The numbers are in and it was another good quarter for dividends. The S&P 500 paid out $9.76 in dividends last quarter. That’s the index-adjusted number (each dollar in the index is about $8.9 billion). That’s an increase of 13.4% over a year ago.

Dividends have now grown at a double-digit rate for 13 of the last 14 quarters. It would have been an even 14 for 14, but there was a dividend surge in Q4 of 2012 to beat the tax increase. As a result, dividends rose by 6.6% in Q4 of 2013. But adjusting for that, the dividend trend is still quite strong. Dividends paid out this year will probably be about 75% higher than they were four years ago.

Here’s an interesting stat: First-half dividends are up 14.4% from last year’s first half, while the S&P 500 is up 6.05% YTD. Annualized, that’s about 12.5%. In other words, dividends are growing faster than stock prices.

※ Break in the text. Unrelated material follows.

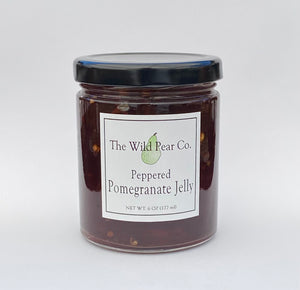 Peppered Pomegranate Jelly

Believe it or not, the market’s dividend yield is slightly higher now than it was at the beginning of the year. I’m not saying that’s a perfect measure of value because it’s welcome push-back against this silly bubble talk.

The big drag on dividends is still the financial sector. Major banks like Citigroup and Bank of America only pay a penny per share. The Financial Sector ETF ($XLF) will probably pay out around 38 cents per share this year. In 2007, it paid 86 cents per share.

Here’s a look at the S&P 500 and its trailing dividends since 2003. The S&P 500 is the blue line and it follows the left scale. Dividends are in yellow and follow the right. The two lines are scaled at 50-to-1, so whenever the lines cross, the dividend yield is exactly 2%. For such a crude measure, that 2% line has worked pretty well.